Tomorrow is the last day to pre register for tournament on the 29th and a chance to win a Duckett rod valued at a $150.


----------



## ranger58 (Mar 1, 2008)

Cowan Lake is this Saturday.


----------



## ranger58 (Mar 1, 2008)

I want to thank all of those who participated in the first Get Hook'd Tournament of the year. I also want to thank the sponsors for helping support the GHTS. 

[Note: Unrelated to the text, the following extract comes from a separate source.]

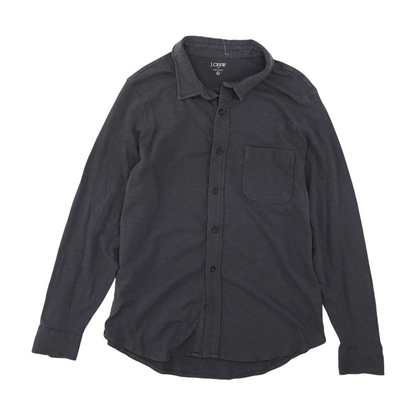 Gray Solid Flannel Button Down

We had a total of 10 boats 8 of which preregistered. Gill Minor won a Duckett Fishing Micro Magic 6&#8242; 9&#8243; medium heavy action model DFMM69MH-C rod valued at $149.99 for preregistering. Jason and Ben were the first boat out of the money but didn't go home empty handed. Jason won a Rod Glove and Ben won a bottle of KVD Line & Lure Conditioner. 

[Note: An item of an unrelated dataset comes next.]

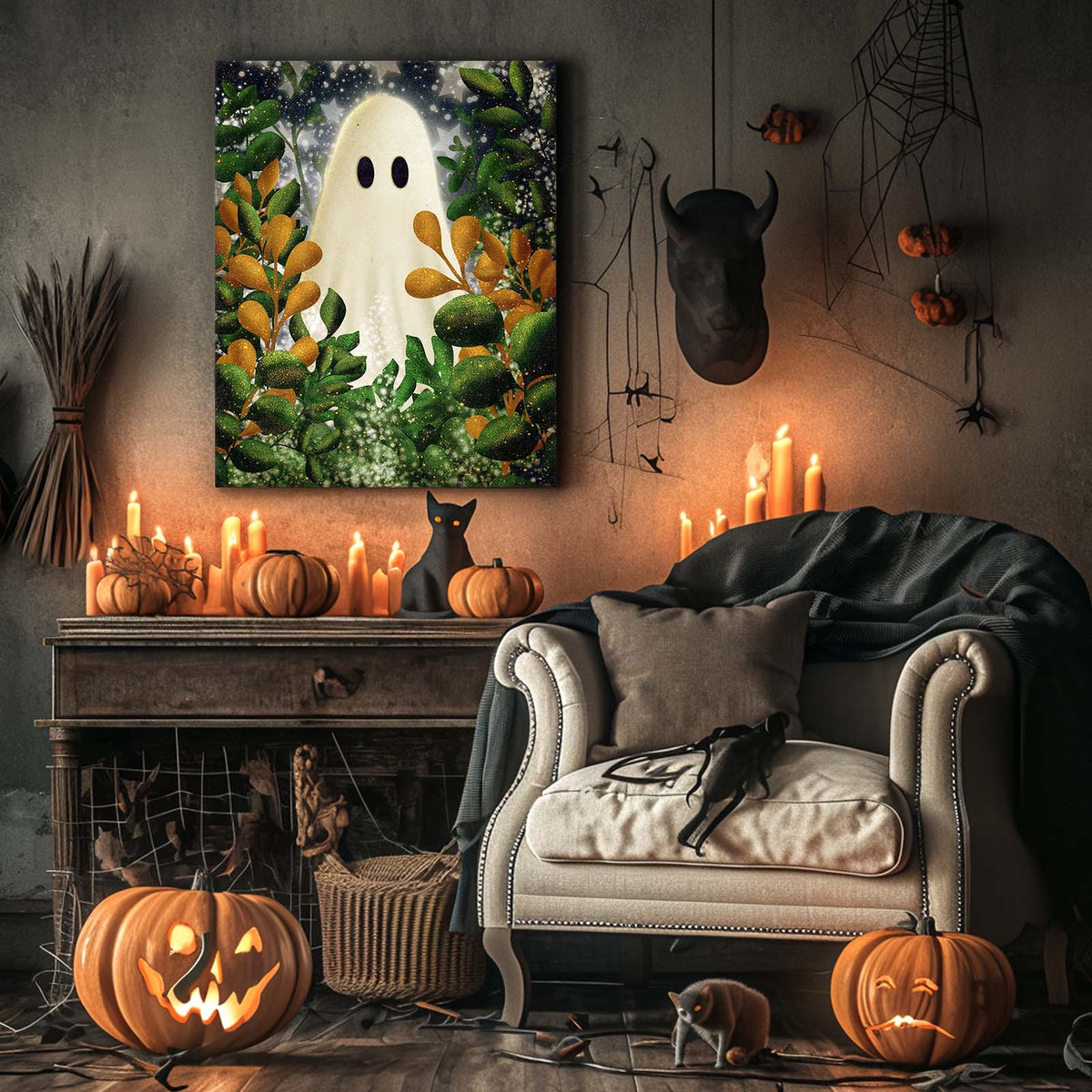 Cute Ghost Among Autumn Foliage Illustration Halloween Wall Art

The day started with great fishing conditions but warmed to a hot day on the water. Fishing was slow for everyone with only two boats bringing in a limit but things were tight at the scales. Jeremy and Lester edged out Josh and Mike by just over a half pound for the win. Eric and Doug edged out Jason and Ben for Big Bass by 0.02ozs. 

When asked about the win Jeremy said "Flippin plastic's and junk fishing was what pulled out the win". 

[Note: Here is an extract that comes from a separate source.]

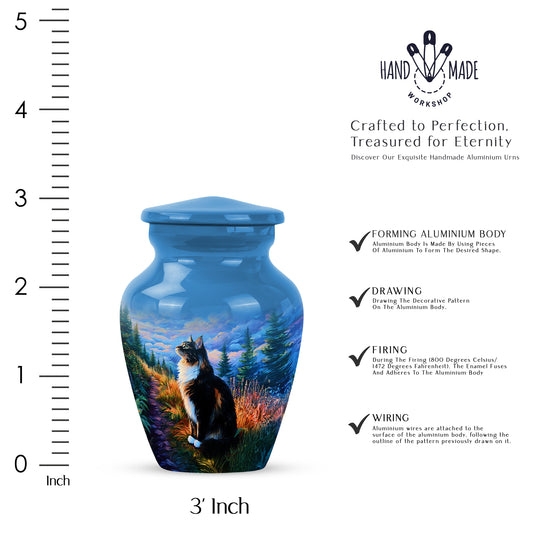 Azure Cat Cremation Urn close-up of engraving and surface detail - classic sculpted cat pattern on smooth aluminum - mini keepsake memorial for portion of cremation ashes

1st Jeremy/Lester 5 fish - 10.62lbs
2nd Josh/Mike 5 fish - 10.01lbs
3rd Jason/Ben 3 fish - 6.70lbs
4th Eric/Doug 2 fish - 5.48lbs GHTS - Big Bass 3.19lbs
5th Ben/Allen 1 fish - 1.91lbs
6th Eddie 1 fish - 1.82lbs
7-10 no fish

Totals - 10 boats - 17 fish - 36.54lbs


----------



## bassinjody (Aug 25, 2005)

will the ceaser creek tournament , be at wellmans boat ramp .


----------